Selbst der KIKA berichtete in der Kindernachrichtensendung logo! – und zwar kritischer als manche Medien für vermeintlich Erwachsene:

Internetexpertinnen und -experten haben inzwischen nochmal überprüft, was es mit dieser Challenge genau auf sich hat. Sie haben dabei nur Videos gefunden, in denen Menschen über die Challenge sprechen, aber keine, in denen Kinder und Jugendliche tatsächlich Schmerzmittel nehmen. Es gibt also gerade keine Beweise, dass es diese Challenge wirklich gibt.

Man wünscht sich zum wiederholten Male, dass Medienschaffende den Fokus etwas mehr auf die Recherche legen würden, anstatt unkritisch und unreflektiert die Schlagzeile von den Kolleg:innen zu übernehmen.

Schöni beendet seinen Republik-Artikel übrigens mit folgenden Worten:

„Egal ob Sie gewöhnliche Bürgerin, Journalist, Politikerin oder Behördenmitarbeiter sind. Wenn Sie das nächste Mal von einem Social-Media-Phänomen lesen, das auf Sie unfassbar dumm oder gefährlich wirkt – halten Sie kurz inne, suchen Sie sich einen jungen Menschen, und befolgen Sie den Ratschlag von Pro Juventute im Umgang mit Social-Media-Challenges:

Regen Sie zum kritischen Denken an: Überlegen Sie gemeinsam mit dem Kind, was stimmt und was erfunden ist und wie man den Unterschied erkennt.

Vielleicht lernt der junge Mensch etwas von Ihnen.

Oder vielleicht ja auch Sie etwas von ihm.

Dem schließen wir uns vorbehaltlos an und geben die Empfehlung gerne an den SWR und die Kreiskliniken Reutlingen weiter.

Quellen:

Kommentare

4 Antworten zu „Stell dir vor, es ist virale-Internet-Challenge – und keiner macht mit“

  1. Sebastian

    In meinem Kopf bleibt ein großes Fragezeichen zurück. Wie sind die Jugendlichen überhaupt auf die Idee gekommen sich diese Überdosis zu verpassen, wenn es die Challenge eigentlich gar nicht gibt?

    Geltungsdrang aufgrund einer Urban Legend?

    Was mir aufgefallen ist, dass im SWR-Artikel immerhin darauf hingewiesen wird, dass nicht sicher ist, dass es die Challenge wirklich gibt.

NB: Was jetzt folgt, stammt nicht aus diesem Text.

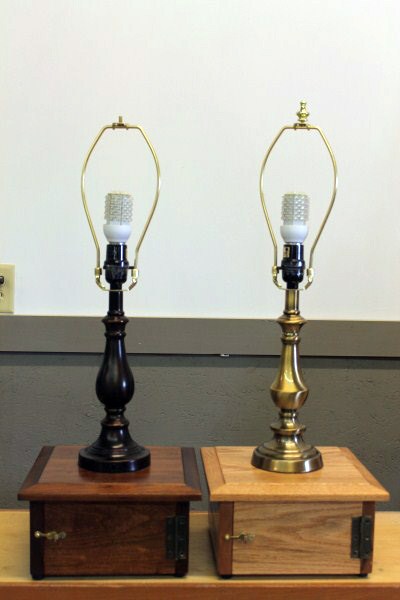 Table lamps use a 12 volt bulb and house a 12 volt sealed battery in the bottom compartment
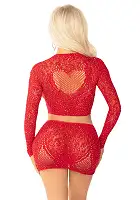 Комплект Leg Avenue Rhinestone Crop Top and Mini Skirt One Size, Red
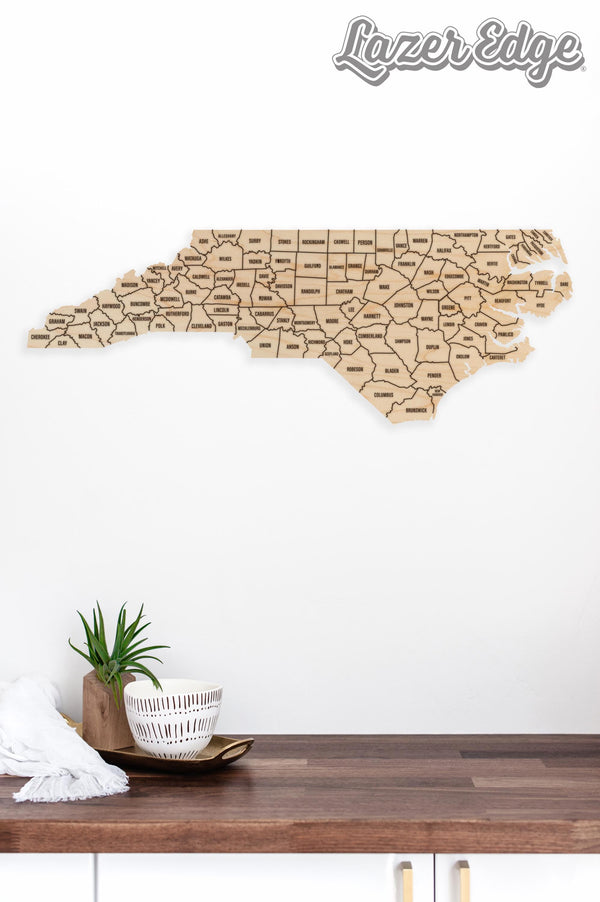 North Carolina County Map Wall Hanging - Crafted from Cherry or Maple Wood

    „Ob es sich dabei um eine „Challenge“ handelt, ist allerdings umstritten. Mehrere Recherchen – unter anderem des ZDF – haben ergeben: Einen Beweis für eine tatsächliche „Challenge“, bei der die Jugendlichen auch vor der Kamera Paracetamol in hohen Dosen einnehmen, gebe es nicht. Die angesprochenen Videos, die einen möglichen Missbrauch jedoch verharmlosen, gibt es und die Folgen von zu viel Paracetamol können fatal sein.“

    Aber die erwähnten Videos, wo die Medikamente eingenommen werden, scheint es ja nicht wirklich zu geben …

    Bin ja selbst nicht hellste Kerze auf der Torte, aber es überrascht mich immer wieder worauf die Menschen alle kommen. Sehr einfallsreich teilweise.

  2. Bernd Harder

    @Sebastian:

    „Wie sind die Jugendlichen überhaupt auf die Idee gekommen sich diese Überdosis zu verpassen, wenn es die Challenge eigentlich gar nicht gibt?“

    Ich weiß es nicht, ich könnte mir nur vorstellen, dass in einigen Medien der Eindruck erweckt wurde, die Challenge als solche würde existieren, und dass das ein paar Jugendliche auf die Idee brachte, „mitzumachen“.

  3. Erinnert mich irgendwie an den Fall vor ungefähr 10 Jahren, als ein paar Jugendliche ihre Freundin in einen Wald gelockt haben und auf sie eingestochen haben wegen einer Creepypasta. Das Mädchen hatte damals überlebt. Es gab danach ein Video von der Creepypasta-Community, die daraufhin ein Statement rausgebracht hatten, dass Creepypastas nicht echt sind und der Unterhaltung dienen.

    https://www.spiegel.de/panorama/justiz/slenderman-messerattacke-maedchen-drohen-65-jahre-haft-a-1023568.html

  4. Im vergangenen Jahr war es die Würge-Challenge, die rumgereicht wurde. Sprecher von TikTok sind dann immer schnell in den Postfächern von Journalisten, um zu versichern, dass ihre Daten keine „Challenge“ hergeben und dass sie entsprechende Hashtags gesperrt haben. Ich neige dazu, ihnen zu glauben.

    Für manche Journalisten dürften diese Challenges eher ein Schlachtruf „Huh, Klicks! Das hört sich so schön böse an“ sein. Oder „Ich hab’s Euch doch immer gesagt, Social Media ist doof“.